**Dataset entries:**
◆ ◆ ◆

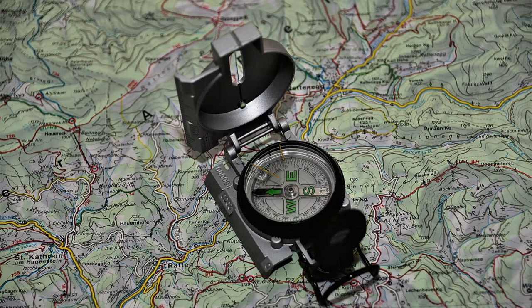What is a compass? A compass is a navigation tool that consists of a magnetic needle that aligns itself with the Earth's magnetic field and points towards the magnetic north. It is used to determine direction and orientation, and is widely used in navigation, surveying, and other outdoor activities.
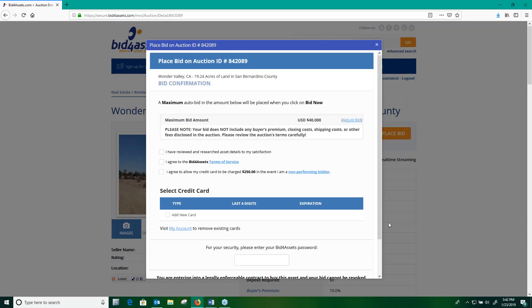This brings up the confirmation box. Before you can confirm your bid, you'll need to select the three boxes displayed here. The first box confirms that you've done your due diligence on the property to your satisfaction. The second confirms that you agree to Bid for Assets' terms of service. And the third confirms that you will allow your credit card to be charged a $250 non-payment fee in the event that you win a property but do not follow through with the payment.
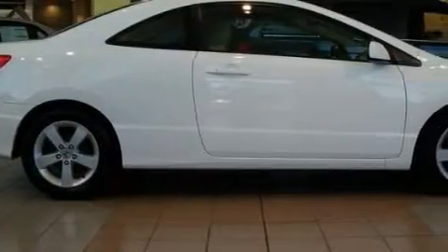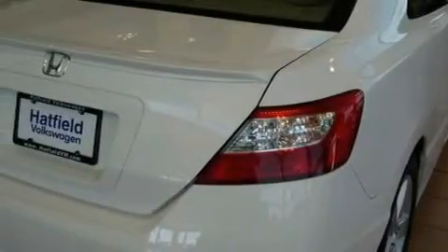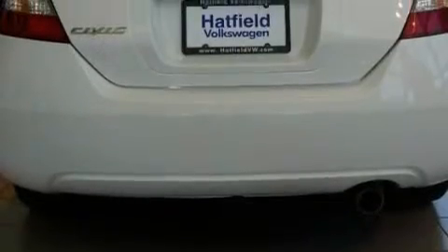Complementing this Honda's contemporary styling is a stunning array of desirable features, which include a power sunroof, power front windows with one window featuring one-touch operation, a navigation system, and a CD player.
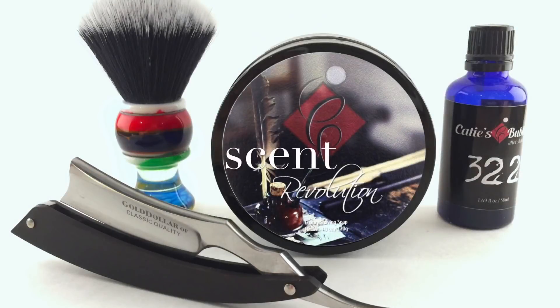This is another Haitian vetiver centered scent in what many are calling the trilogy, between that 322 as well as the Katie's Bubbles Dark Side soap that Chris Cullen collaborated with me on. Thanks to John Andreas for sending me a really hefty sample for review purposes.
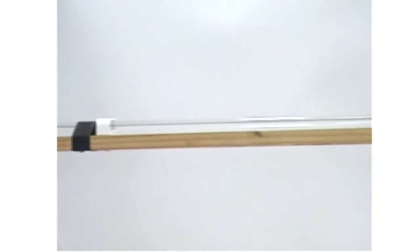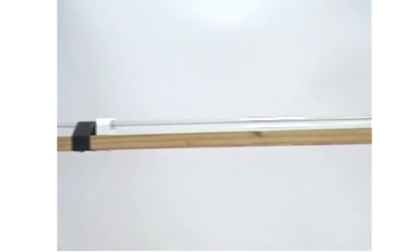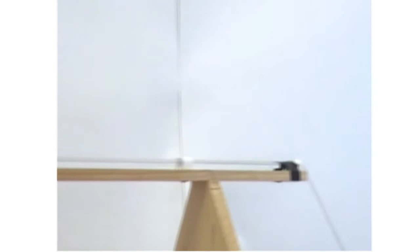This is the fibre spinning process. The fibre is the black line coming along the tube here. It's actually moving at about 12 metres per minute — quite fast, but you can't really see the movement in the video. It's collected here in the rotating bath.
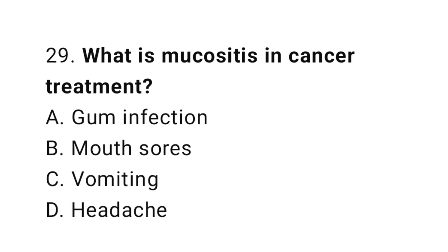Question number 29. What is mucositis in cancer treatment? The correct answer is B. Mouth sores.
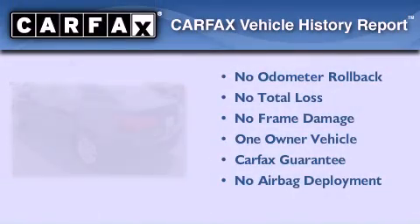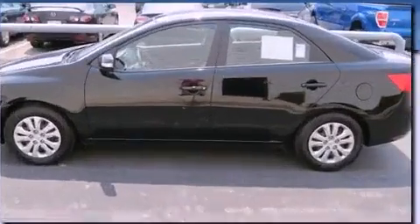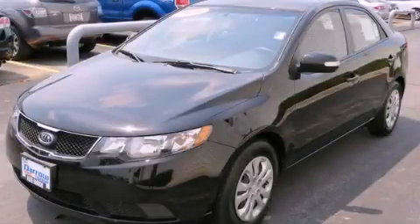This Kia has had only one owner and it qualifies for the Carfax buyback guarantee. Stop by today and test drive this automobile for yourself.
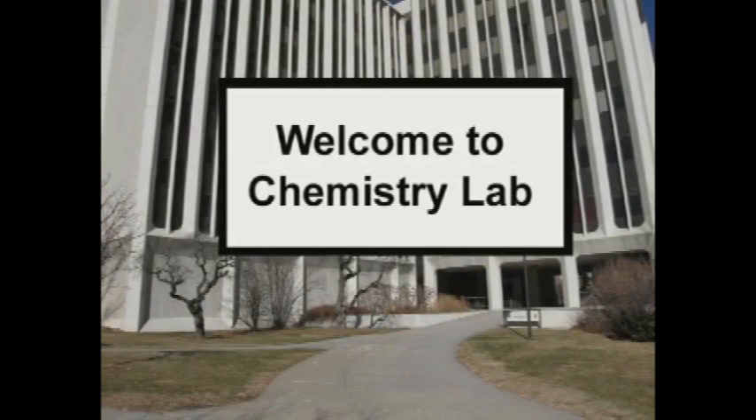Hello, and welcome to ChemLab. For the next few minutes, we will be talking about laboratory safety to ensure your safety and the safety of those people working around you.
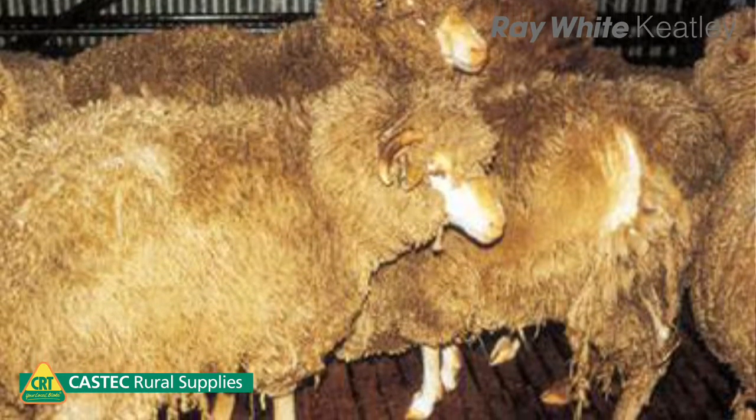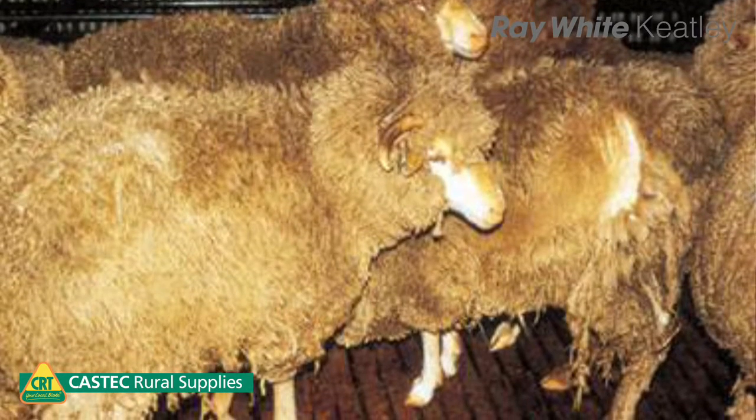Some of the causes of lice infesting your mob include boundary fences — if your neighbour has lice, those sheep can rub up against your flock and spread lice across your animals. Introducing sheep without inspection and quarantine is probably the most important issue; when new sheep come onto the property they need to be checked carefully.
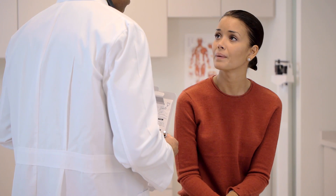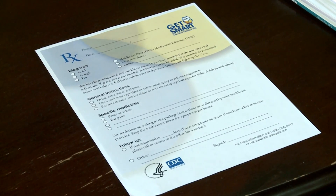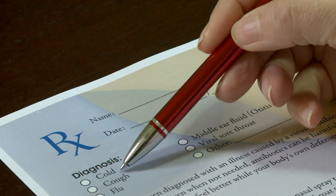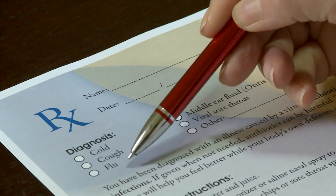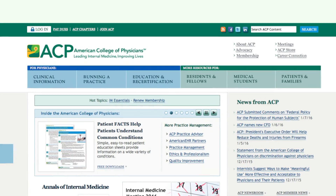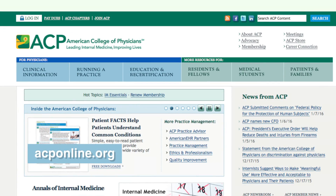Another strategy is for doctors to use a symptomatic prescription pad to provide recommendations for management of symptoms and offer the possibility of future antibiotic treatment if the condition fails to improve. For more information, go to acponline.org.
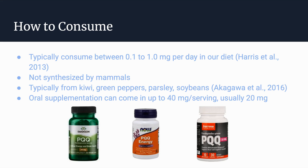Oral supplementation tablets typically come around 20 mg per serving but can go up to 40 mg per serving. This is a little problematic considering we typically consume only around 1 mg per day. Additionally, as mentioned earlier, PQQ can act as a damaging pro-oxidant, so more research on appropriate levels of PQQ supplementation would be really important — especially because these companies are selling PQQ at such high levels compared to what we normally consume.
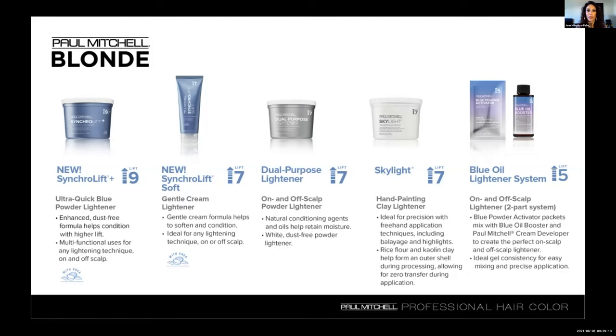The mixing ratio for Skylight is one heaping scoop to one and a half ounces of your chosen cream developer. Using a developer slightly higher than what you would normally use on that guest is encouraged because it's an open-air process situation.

◆ ◆ ◆

**Your objective:** In your copy, include every record word for word but no pictures.

**Response area:**
What is a compass? A compass is a navigation tool that consists of a magnetic needle that aligns itself with the Earth's magnetic field and points towards the magnetic north. It is used to determine direction and orientation, and is widely used in navigation, surveying, and other outdoor activities.
This brings up the confirmation box. Before you can confirm your bid, you'll need to select the three boxes displayed here. The first box confirms that you've done your due diligence on the property to your satisfaction. The second confirms that you agree to Bid for Assets' terms of service. And the third confirms that you will allow your credit card to be charged a $250 non-payment fee in the event that you win a property but do not follow through with the payment.
Complementing this Honda's contemporary styling is a stunning array of desirable features, which include a power sunroof, power front windows with one window featuring one-touch operation, a navigation system, and a CD player.
This is another Haitian vetiver centered scent in what many are calling the trilogy, between that 322 as well as the Katie's Bubbles Dark Side soap that Chris Cullen collaborated with me on. Thanks to John Andreas for sending me a really hefty sample for review purposes.
This is the fibre spinning process. The fibre is the black line coming along the tube here. It's actually moving at about 12 metres per minute — quite fast, but you can't really see the movement in the video. It's collected here in the rotating bath.
Question number 29. What is mucositis in cancer treatment? The correct answer is B. Mouth sores.
This Kia has had only one owner and it qualifies for the Carfax buyback guarantee. Stop by today and test drive this automobile for yourself.
Hello, and welcome to ChemLab. For the next few minutes, we will be talking about laboratory safety to ensure your safety and the safety of those people working around you.
Some of the causes of lice infesting your mob include boundary fences — if your neighbour has lice, those sheep can rub up against your flock and spread lice across your animals. Introducing sheep without inspection and quarantine is probably the most important issue; when new sheep come onto the property they need to be checked carefully.
Another strategy is for doctors to use a symptomatic prescription pad to provide recommendations for management of symptoms and offer the possibility of future antibiotic treatment if the condition fails to improve. For more information, go to acponline.org.
Oral supplementation tablets typically come around 20 mg per serving but can go up to 40 mg per serving. This is a little problematic considering we typically consume only around 1 mg per day. Additionally, as mentioned earlier, PQQ can act as a damaging pro-oxidant, so more research on appropriate levels of PQQ supplementation would be really important — especially because these companies are selling PQQ at such high levels compared to what we normally consume.
The mixing ratio for Skylight is one heaping scoop to one and a half ounces of your chosen cream developer. Using a developer slightly higher than what you would normally use on that guest is encouraged because it's an open-air process situation.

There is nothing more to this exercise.